Natürlich weiß auch Konrad Adenauer, an was es in Köln in Kürze mangelt: Weizen und Roggen für Brot. Er trifft sich daraufhin mit den Brüdern Jean und Josef Oebel, Bäckermeistern, und entwickelt ein neues Brot. Es muss nicht besonders gut schmecken. Es soll die noch ausreichend vorhandenen Rohstoffe zu einer genießbaren Masse verbinden, die Köln überleben lässt. Genannt wird es „Kölner Sparbrot“. Kennt heute keiner mehr. Aber der ein oder andere von euch kennt selbstverständlich das „Konrad-Adenauer-Brot“.

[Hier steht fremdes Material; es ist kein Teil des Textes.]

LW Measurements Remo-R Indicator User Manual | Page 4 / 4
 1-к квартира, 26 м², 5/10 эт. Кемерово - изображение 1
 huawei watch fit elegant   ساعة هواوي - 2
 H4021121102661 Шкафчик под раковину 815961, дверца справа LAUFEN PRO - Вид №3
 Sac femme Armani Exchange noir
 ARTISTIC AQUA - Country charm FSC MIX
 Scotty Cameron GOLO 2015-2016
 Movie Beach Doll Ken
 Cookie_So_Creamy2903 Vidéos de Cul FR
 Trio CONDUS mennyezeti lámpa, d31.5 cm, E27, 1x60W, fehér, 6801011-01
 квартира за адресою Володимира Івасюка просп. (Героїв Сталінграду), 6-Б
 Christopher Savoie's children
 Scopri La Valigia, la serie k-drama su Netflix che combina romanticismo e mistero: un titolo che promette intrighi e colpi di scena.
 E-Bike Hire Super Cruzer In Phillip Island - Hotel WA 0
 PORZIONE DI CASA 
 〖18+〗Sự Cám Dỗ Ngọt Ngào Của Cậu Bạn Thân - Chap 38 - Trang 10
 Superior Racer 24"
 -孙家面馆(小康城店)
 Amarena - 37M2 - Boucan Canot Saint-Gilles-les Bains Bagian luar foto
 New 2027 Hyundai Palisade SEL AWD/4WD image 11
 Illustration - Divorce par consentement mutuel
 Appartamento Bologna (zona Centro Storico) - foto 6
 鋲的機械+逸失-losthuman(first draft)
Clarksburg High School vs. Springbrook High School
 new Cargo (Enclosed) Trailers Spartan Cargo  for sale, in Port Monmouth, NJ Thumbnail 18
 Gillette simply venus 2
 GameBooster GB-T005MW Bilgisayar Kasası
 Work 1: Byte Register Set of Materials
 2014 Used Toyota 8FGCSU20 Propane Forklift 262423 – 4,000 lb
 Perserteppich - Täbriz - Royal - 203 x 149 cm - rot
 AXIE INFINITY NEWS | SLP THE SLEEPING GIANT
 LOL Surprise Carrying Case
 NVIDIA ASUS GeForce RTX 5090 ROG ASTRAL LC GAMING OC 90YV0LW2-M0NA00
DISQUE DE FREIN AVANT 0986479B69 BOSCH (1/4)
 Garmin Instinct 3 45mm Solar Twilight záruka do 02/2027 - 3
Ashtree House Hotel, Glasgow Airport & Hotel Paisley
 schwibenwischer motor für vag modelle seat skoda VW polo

Die Basis ist Mais, Reis und Gerste. Das haben wir noch. Aber Mais kann man nicht einfach backen. Dazu braucht man auch Fachwissen. Ich glaube, deswegen benötigte er die beiden Bäcker-Brüder. Bestimmt waren sie es, die ihm zeigten, wie man Mais durch darren (leichtes anrösten) und brühen soweit vorbereitet, dass man ihn für ein Brot verwenden kann. Bereits am 2. Mai 1915 bekommt er das Patent für das „Verfahren zur Herstellung eines dem rheinischen Roggenschwarzbrot ähnelnden Schrotbrotes“ zugesprochen.

„Viehfutter“ nannten es die Kölner, weil sie die Zutaten sonst eher dem Vieh gegeben haben. Und staubtrocken soll es in kurzer Zeit gewesen sein. Immerhin konnten sie es überliefern. Viele haben ja überlebt.
Und so richtig schlecht kann es gar nicht sein. Ein Brot auf Grundlage dieses Rezepts, zugegeben, an den Zeitgeschmack angepasst, verkauft die Bäckerei Balkhausen in der Apostelnstraße noch heute. Da habe ich den Laib auf dem Bild her. Wenn ich es so betrachte, sieht es nach einem modernen Körnerbrot aus. So ändern sich die Zeiten. Früher ein Notbrot, heute eine Gesundbrot…

Wie es schmeckt? Ich weiß es jetzt. Ihr müsst es selbst probieren, wenn ihr mögt, unser Kölner Notbrot.